Bills seek to organize ConCon
If voters this fall approve, Hawaii could be holding a state Constitutional Convention next year, but so far no one has drawn up the ground rules.
Legislators are proposing that if a ConCon is approved by voters this fall, the election for delegates will become a proving ground for several new ideas.
Sen. Les Ihara, who was a delegate to the last ConCon held in 1978, and Rep. Della Au Belatti, a freshman Makiki Democrat, are both introducing a bill package to organize a possible convention.
"The more the public knows about what this ConCon could look like, the better," Belatti said.
Both Ihara and Belatti support a convention.
"We want to encourage grass-roots organizing and having the community talk about broad constitutional issues," said Ihara (D, Kaimuki-Palolo).
"The purpose of the ConCon is to open up a statewide conversation about the constitutional principles underlying our government," Ihara said.

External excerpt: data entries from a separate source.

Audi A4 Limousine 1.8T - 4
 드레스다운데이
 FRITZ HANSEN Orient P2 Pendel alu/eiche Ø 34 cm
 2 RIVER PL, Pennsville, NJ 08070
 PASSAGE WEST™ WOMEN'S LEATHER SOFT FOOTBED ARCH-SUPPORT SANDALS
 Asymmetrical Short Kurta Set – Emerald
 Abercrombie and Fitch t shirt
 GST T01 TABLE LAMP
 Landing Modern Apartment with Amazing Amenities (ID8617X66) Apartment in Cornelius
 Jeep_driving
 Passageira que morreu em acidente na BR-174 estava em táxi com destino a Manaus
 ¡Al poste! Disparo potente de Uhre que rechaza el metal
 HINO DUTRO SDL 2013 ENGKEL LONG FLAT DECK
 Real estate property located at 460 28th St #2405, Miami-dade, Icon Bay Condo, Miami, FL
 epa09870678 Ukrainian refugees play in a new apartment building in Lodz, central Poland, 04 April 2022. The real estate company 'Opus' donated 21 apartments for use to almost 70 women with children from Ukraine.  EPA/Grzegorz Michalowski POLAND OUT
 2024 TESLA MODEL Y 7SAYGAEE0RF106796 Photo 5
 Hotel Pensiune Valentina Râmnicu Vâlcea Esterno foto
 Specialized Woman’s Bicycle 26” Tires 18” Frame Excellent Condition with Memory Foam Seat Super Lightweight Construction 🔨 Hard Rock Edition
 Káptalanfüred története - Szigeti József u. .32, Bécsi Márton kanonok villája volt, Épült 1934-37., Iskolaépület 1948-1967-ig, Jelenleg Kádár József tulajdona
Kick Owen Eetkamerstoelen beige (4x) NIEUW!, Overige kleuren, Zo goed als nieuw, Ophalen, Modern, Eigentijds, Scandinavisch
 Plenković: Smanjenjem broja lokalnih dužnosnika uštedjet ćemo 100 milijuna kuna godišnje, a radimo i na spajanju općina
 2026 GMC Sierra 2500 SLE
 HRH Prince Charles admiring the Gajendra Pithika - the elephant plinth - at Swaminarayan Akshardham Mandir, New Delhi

The ConCon proponents, however, disagree on who should run to be a delegate. Ihara says the ConCon delegates should not be incumbent politicians.
Belatti disagrees, saying that the ConCon should have a mix.
"It should be a good mix. In a ConCon, there is a need to include people who understand how government runs, so I don't think incumbents should be barred," Belatti said.
In fact, the lawyer and former member of the Campaign Spending Commission said she is considering running for ConCon if it is approved by voters in November.
"I have been asked if I would run for ConCon and I said I would consider it, because that is how important the ConCon is," Belatti said.
The bills the two are supporting include Senate Bill 2607, which would provide for full public funding for candidates to a ConCon, which means the candidates would not raise money from special-interest donors, in return for the state paying their campaign expenses.
"It would encourage competition," Ihara said.
"When you have competition, it excites the voters."
Another bill, SB 2616, would allow the election to be held by mail ballots only, which supporters say will save money and help lower the cost of the convention.